Compro molto raramente questo giornale, lo confesso. Specialmente da quando ha condotto una battaglia pesante, faziosa e unilaterale per l'abrogazione della legge 40. Tuttavia oggi c'era un inserto culturale che mi aveva colpito e che volevo leggere.
La mia attenzione, però, è stata attirata dalla rubrica dei lettori, con due lettere che sono delle vere "perle" di ottusità e pregiudizio laicista. Le riporto a scorno e vergogna di chi le ha scritte:
TORCIA OLIMPICA - LA BENEDIZIONE
La fiamma olimpica di Torino 2006 passerà dal Vaticano per ricevere la benedizione papale. Ora, è vero che in Italia ci sono molti cattolici, ma ai Giochi olimpici partecipano tutte le nazioni. I giochi sono per tradizione anche il simbolo della pace e fratellanza fra tutti gli uomini, a prescindere dal loro credo religioso. E comunque il fatto che solo la Chiesa cattolica benedica la torcia mi sembra una discriminazione.

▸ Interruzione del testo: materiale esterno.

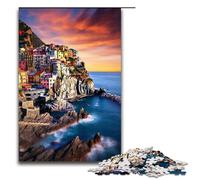 Italian Seaside Scenery 1000 Piece Jigsaw Puzzles for Adults for Gifts Best Gift Suitable for And Teenager 14 And Up 1000 PCS
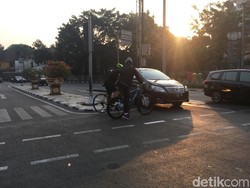 Catat! Polisi Bisa Tilang Pesepeda yang Langgar Jalur Sepeda di Sudirman-Thamrin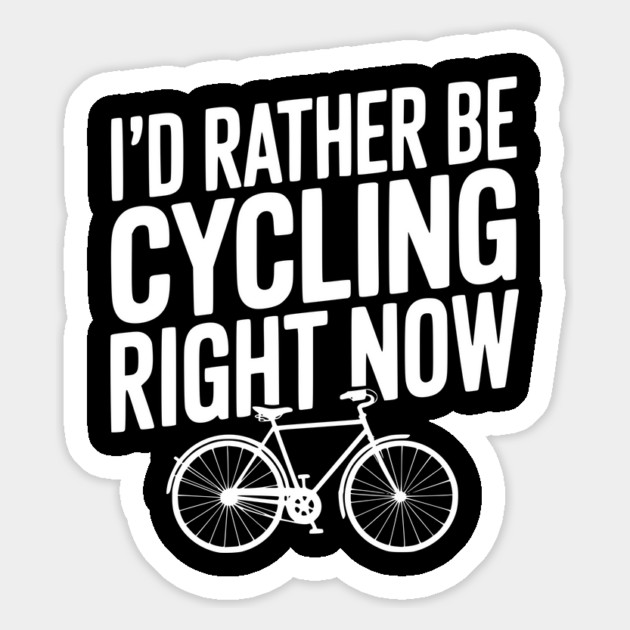 I’d Rather Be Cycling Right Now Magnet by Frank Ring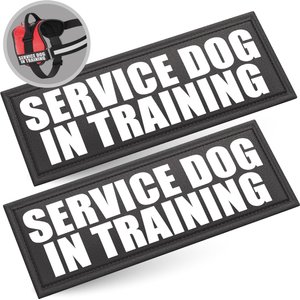 Industrial Puppy Service Dog In Training Patches, Large, 2 count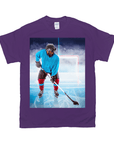 Camiseta personalizada para mascotas 'El jugador de hockey'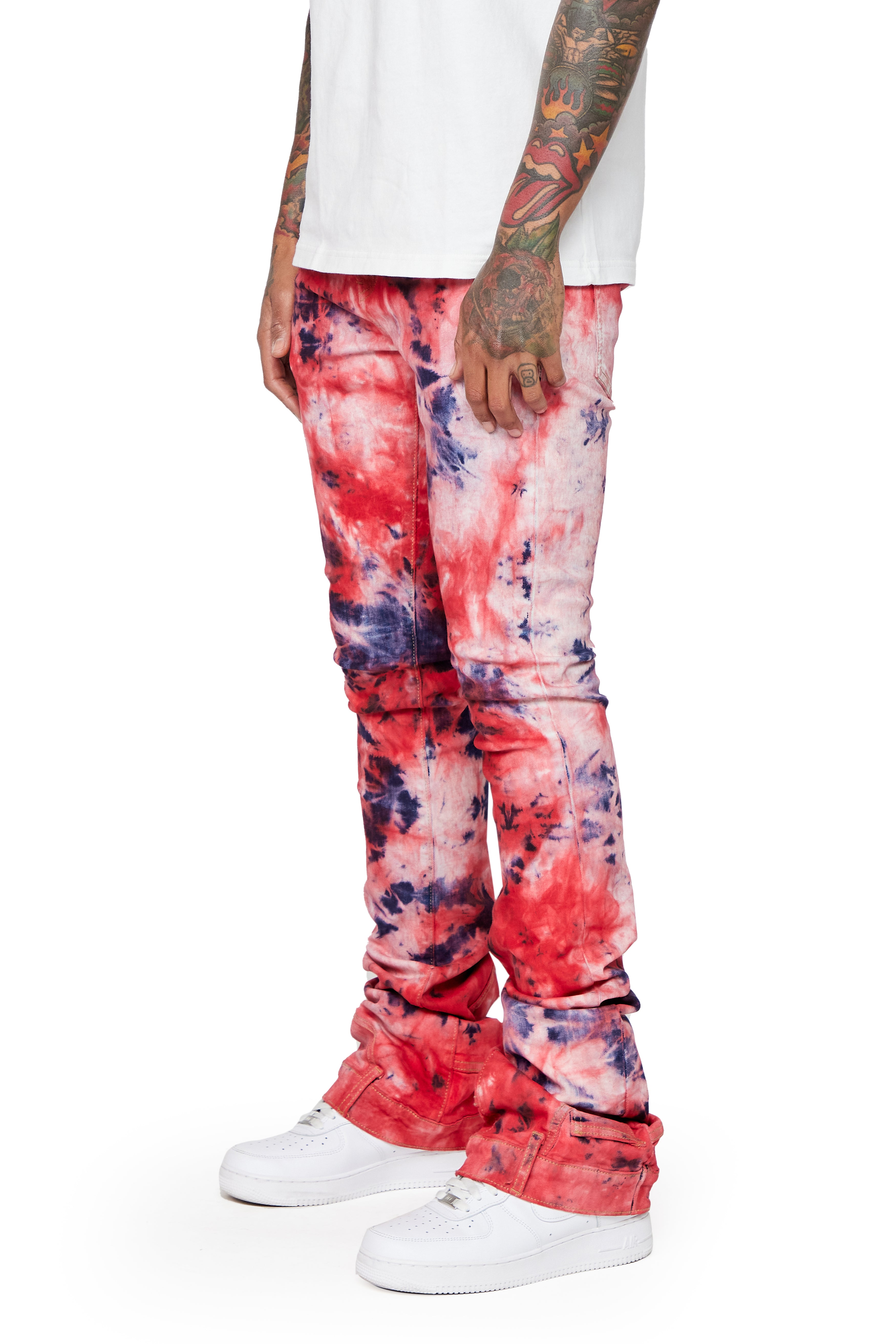 ESNTL LAB STACKED "AIRGLO" RED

Cosa dire, di fronte a una castroneria così monumentale? C'è da restare senza fiato! All'autore è sfuggito:
1) Che la torcia non sarà benedetta in Italia bensì in Vaticano, uno stato estero che nulla ha a che vedere con l'Italia, almeno sul piano del diritto internazionale;
2) Che il credo religioso, con particolare riferimento a quello cattolico, porta pace e fratellanza, e non è in conflitto con le olimpiadi (le quali, non dimentichiamolo, nacquero dall'utopia decoubertiniana di un mondo affratellato al di fuori non delle differenze religiose, ma della religione in quanto tale);
3) Che definire "discriminazione" una benedizione che abbraccia tutto il mondo e tutte le fedi è il colmo dell'imbecillità, a meno che l'autore della lettera non sia andato a chiedere personalmente a Papa Ratzinger se la benedizione valesse solo per gli atleti cattolici, oppure abbia paura che la benedizione papale "contamini" la torcia e faccia venire l'orticaria ai non cattolici, oppure sia un incantesimo che faccia vincere i cattolici lasciando a bocca asciutta gli atleti ortodossi, protestanti, musulmani, buddisti, ba'hai, scintoisti, animisti e chi più ne ha più ne metta.

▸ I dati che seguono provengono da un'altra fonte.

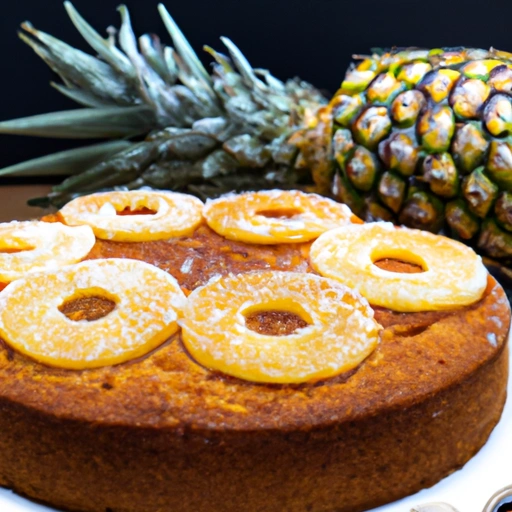 Smaczne ciasto ananasowe
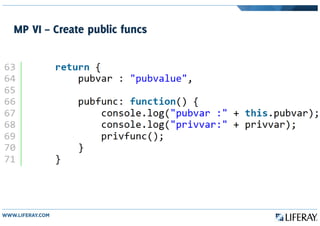 MP VI – Create public funcs
 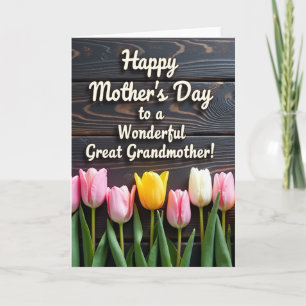Blossom Mothers Day Rustic Card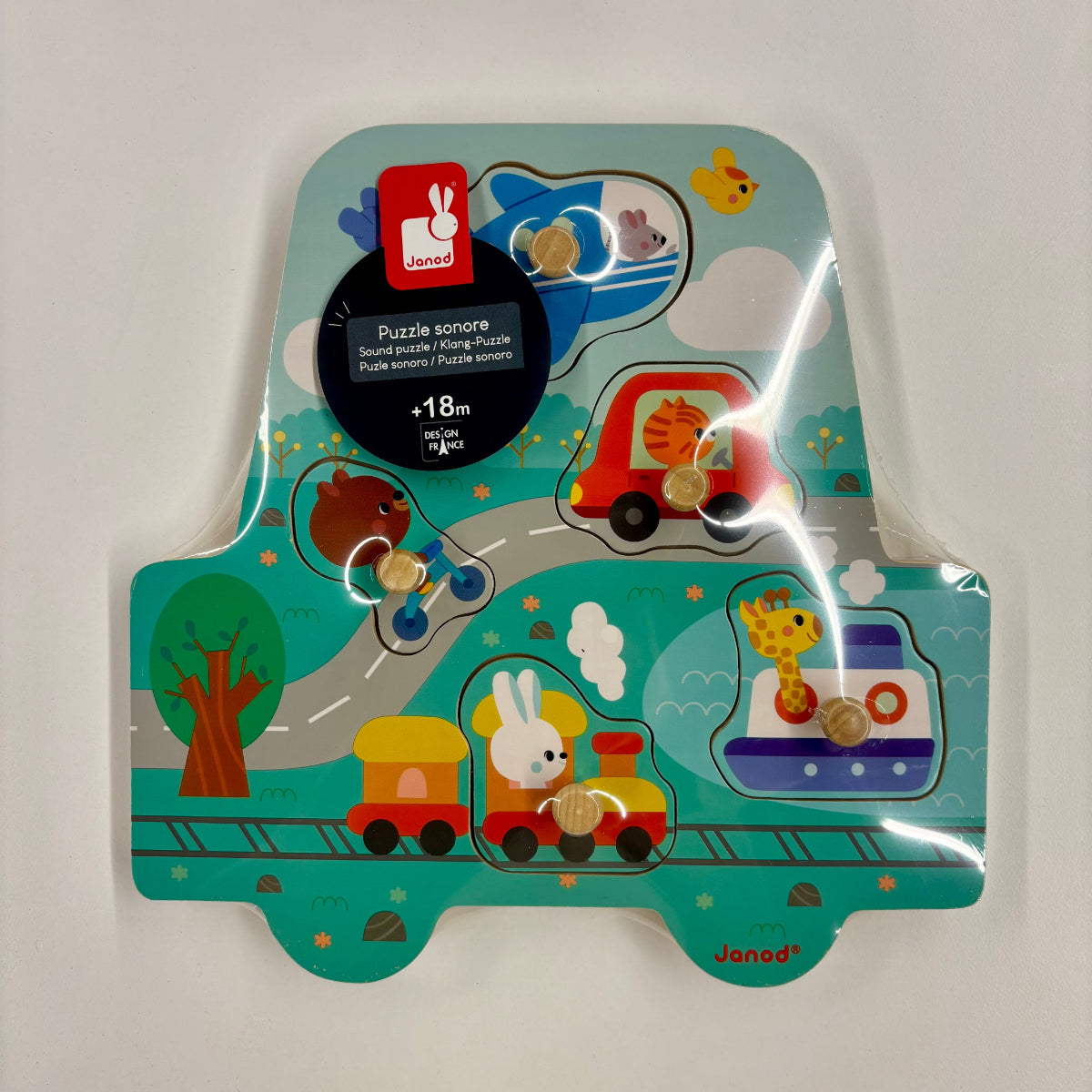 JANOD - PUZZLE MUSICALE - PICCOLI BOLIDI (lista)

Un altro delizioso esempio d'ipocrisia laica lo troviamo in questa lettera, dedicata allo spinoso problema di presentare in società il proprio partner quando non si è sposati. La soluzione proposta è esilarante:
GALATEO - LE PRESENTAZIONI
Tra tanti temi seri vorrei dare un consiglio di galateo. Sono ormai moltissime le coppie di conviventi non sposati e spesso è imbarazzante presentare l'altro/a come partner, compagno, ragazzo, fidanzato, convivente, ecc. Consiglierei di usare il termine "consorte" che indica la persona che condivide il tuo destino ed è una verità certa in questo caso anche se pro tempore. Anche il diritto ecclesiastico non avrebbe niente in contrario e il termine ha una sua naturale accettabilità sociale.
Mi avevano detto che il galateo è ipocrisia codificata, ma fino a questo punto... Tanto per cominciare, il diritto interno della Chiesa cattolica non è il diritto ecclesiastico ma quello canonico (il diritto ecclesiastico è l'insieme delle norme che lo stato italiano adotta verso le confessioni religiose, quella cattolica in particolare). Non serve pontificare dottamente se non si conoscono nemmeno i termini più elementari.
In secondo luogo, è veramente sopraffina l'ipocrisia di definire "consorte" colui/colei che è disposto a mollare alla prima difficoltà o al primo capriccio. Quale sorte è possibile condividere, se non si condivide nel tempo? La soluzione proposta è un ossimoro come il termine "matrimonio per prova". L'ennesimo caso di langue de bois, un fumo ideologico sempre più denso e ipocrica che copre chi non vuole chiamare le cose con il loro nome.
Su una cosa però sono d'accordo senza riserve con l'autore. Il suo non è un tema serio, come non è serio il suo atteggiamento verso la vita.